Sunday, 30 July 2017

William Bates soldier of the Great War ............. died on the Western Front aged 17

The popular image of the young men who lied about their age and went off to fight in the Great War is a powerful one, more so when they died before they reached the official age of enlistment.

Historians will tell you that the number was not that large but it happened and William Bates was one of them.

He was just 17 when he died on the Western Front in the August of 1916, and we have David Harrop and some of his friends to thank for bringing Mr Bates out of the shadows.

David recently bought one of the medals awarded to William Bates who served in the Manchester’s and lived on Great Egerton Street in Stockport.

And that began a search for the young man’s story which David and his friends have pieced together.

David then created a facebook page dedicated to the memory of this young soldier and over the course of the next few weeks with David’s help I will tell that story.

Location; Stockport, Manchester and the Western Front

Picture; medal of William Bates, courtesy of David Harrop

*The William BATES in Memorium PAGE compiled by David Harrop Oct 2016

Tuesday, 1 November 2016

Rediscovering one young man from the Great War

I think this will be the last of the stories about the young officer who died in 1916 during the Battle of the Somme.

Unknown young soldier, date unknown
And it has brought together both the centenary of that battle which began in July and ended in October but is very close to that date which marks the end of the conflict in November 1918.

It began as a request from my friend Tricia to help put a name and a story to a picture of an unknown young soldier.

His photograph was on a picture post card which on the back carried the comment, "16th Manchester, (30th Division.) Missing Reported 'Wounded and Missing” from 26th July 1916, probably taking Deville Wood.' ”

It wasn’t much to go on but we agreed to run a story on the blog in the hope someone might be able to identify him.
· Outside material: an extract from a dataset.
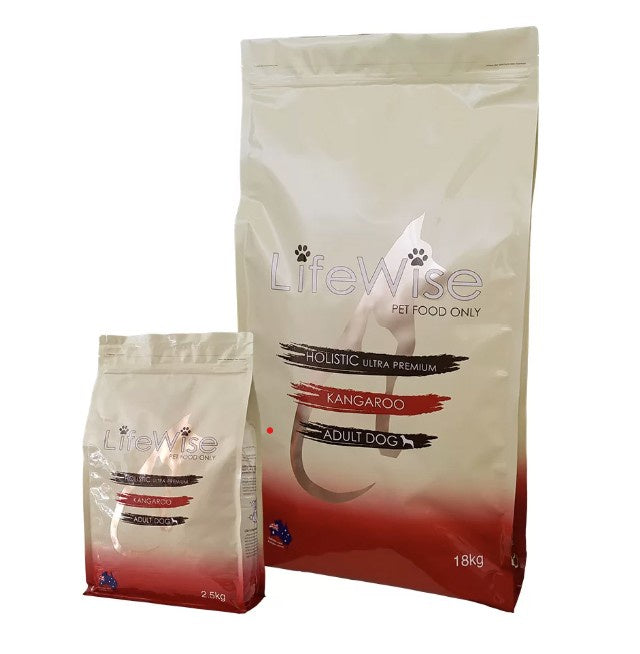 LIFEWISE DOG KANGAROO + LAMB RICE + VEG 9KG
And within a day Michael Gorman came back with a carefully researched set of comments and the suggestions that our young man might be George Horace Plested, who was a “Second Lieutenant Manchester Regiment 4th Bn. attd. 16th Bn” who died on July 30th 1916.  He was just 19 and came from Putney."

Michael with the help of another researcher followed this up with the discovery that he “he died of wounds in the casualty station at Corbie.”

Meanwhile both Michael and Tricia had made contact with relatives on ancestry and another photograph of the George Horace Plested seemed to confirm that this was our young man.

George Horace Plested
And today Michael added this, “the Plested family sent me a photograph of an unidentified young soldier (attached) who bears a remarkable resemblance to the subaltern of the Manchester Regiment in the original photograph. Comparing the photographs I feel that they are one and the same person.

Horace attended Wandsworth Grammar School, in London, and enlisted in the 28th Battalion of the London Regiment in 1915. 

This was the famous Artist Rifles battalion, a unit trained potential officers, at Hare Hall in Romford, who were then assigned to serving regiments. 

In Horace’s case this was the 4th Battalion (another training battalion) of the Manchester Regiment – which he joined in June 1915 at Larkhill.

He was then “attached" to the 16th (1st City) Battalion of the Manchester’s – a “pals” unit which was about to embark for France. – and took part in the Battle of the Somme in July 1916.

Cap badge of the Manchester's
Taking an almost identical route was the famous war poet Wilfred Owen. 

He also enlisted in the Artists Rifles and was also sent to Hare Hall – assigned to the 5th Battalion of the Manchester Regiment – being commissioned just a week later than Horace. Owen was to be killed in action in November 1918 – the last week of the War.”

I am pleased that through the efforts of Tricia and Michael we have that name and the story.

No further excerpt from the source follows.